»»
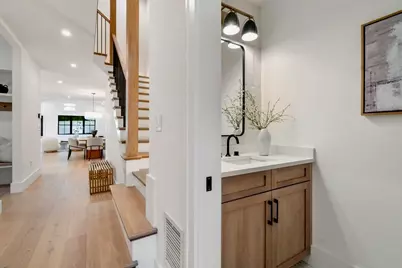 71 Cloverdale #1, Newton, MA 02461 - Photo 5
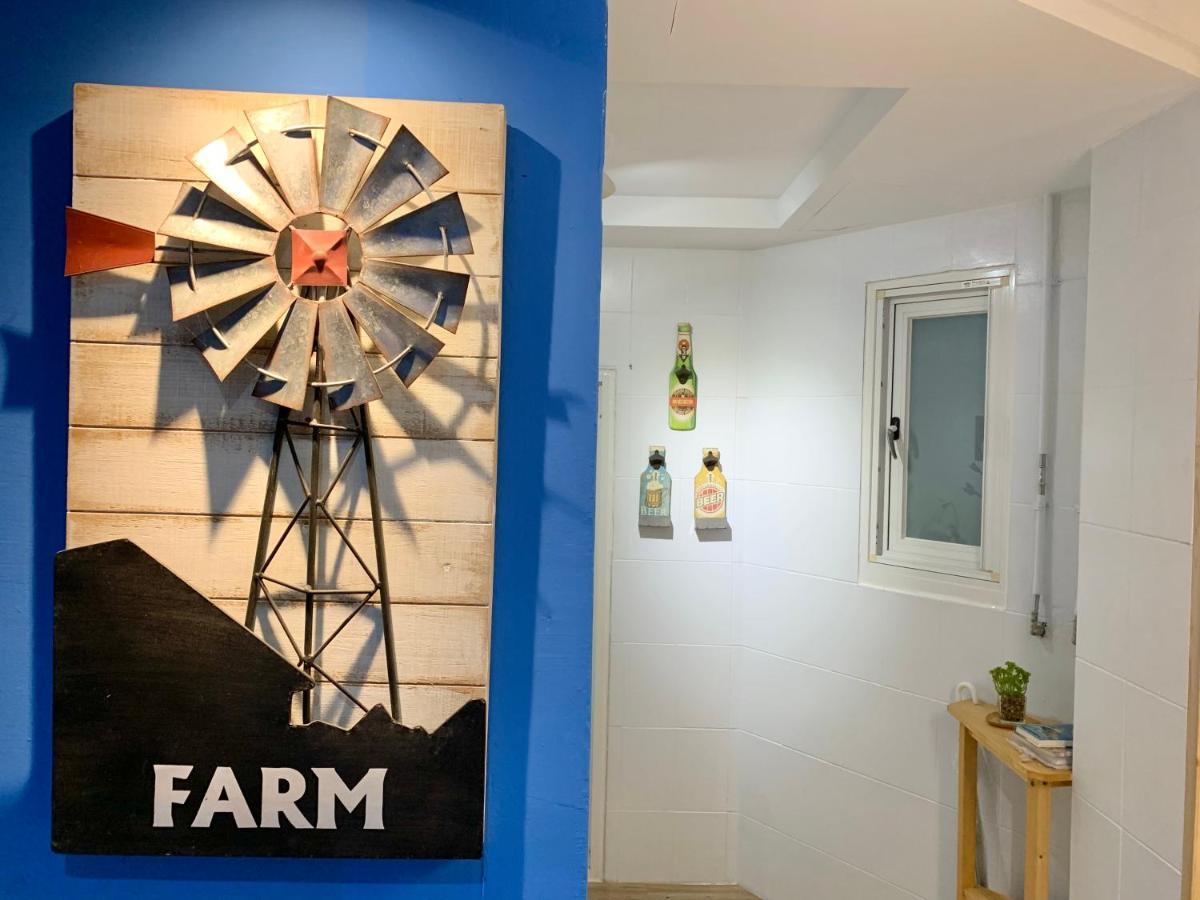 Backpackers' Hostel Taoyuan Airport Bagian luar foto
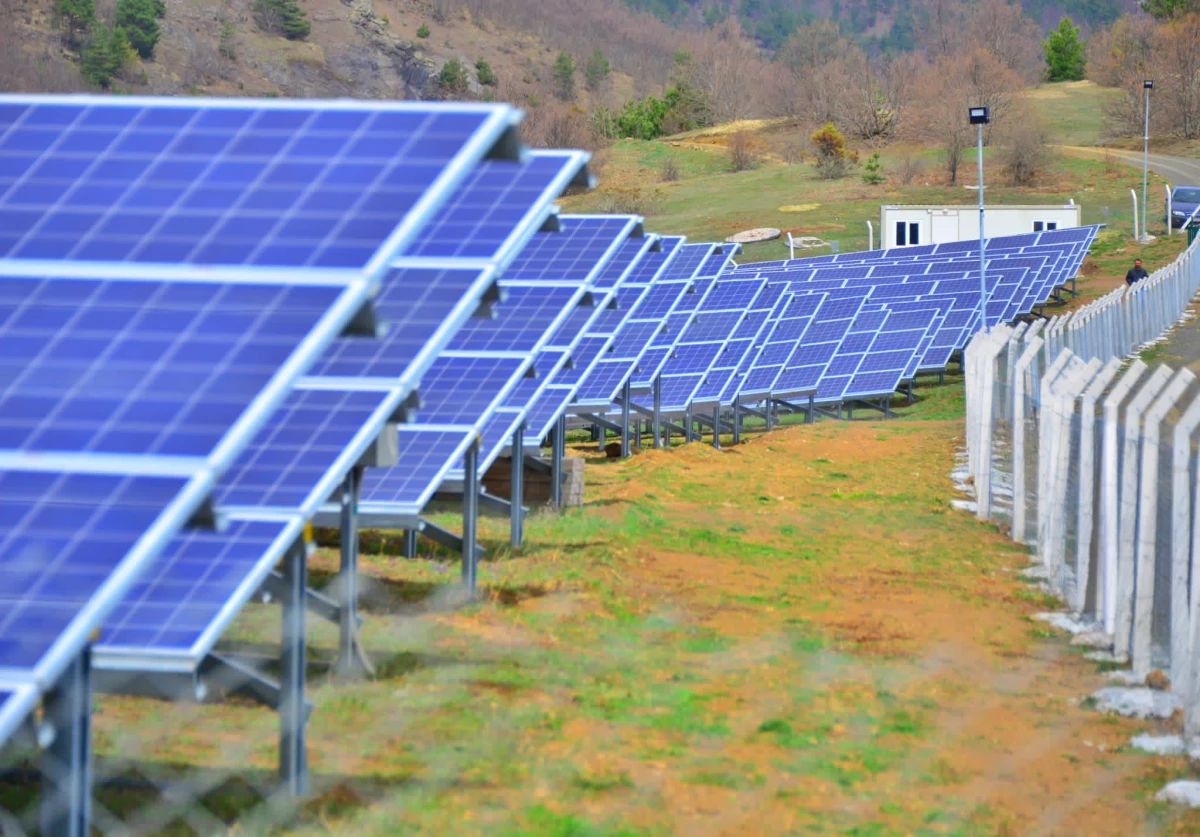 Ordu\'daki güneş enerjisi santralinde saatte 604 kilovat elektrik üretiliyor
««
--- THE PROBLEM ---
Only the lines from the line with "Backpackers' Hostel Taoyuan" through the final line of the material belong in the answer, copied exactly and without pictures.

--- YOUR RESPONSE ---
 Backpackers' Hostel Taoyuan Airport Bagian luar foto
 Ordu\'daki güneş enerjisi santralinde saatte 604 kilovat elektrik üretiliyor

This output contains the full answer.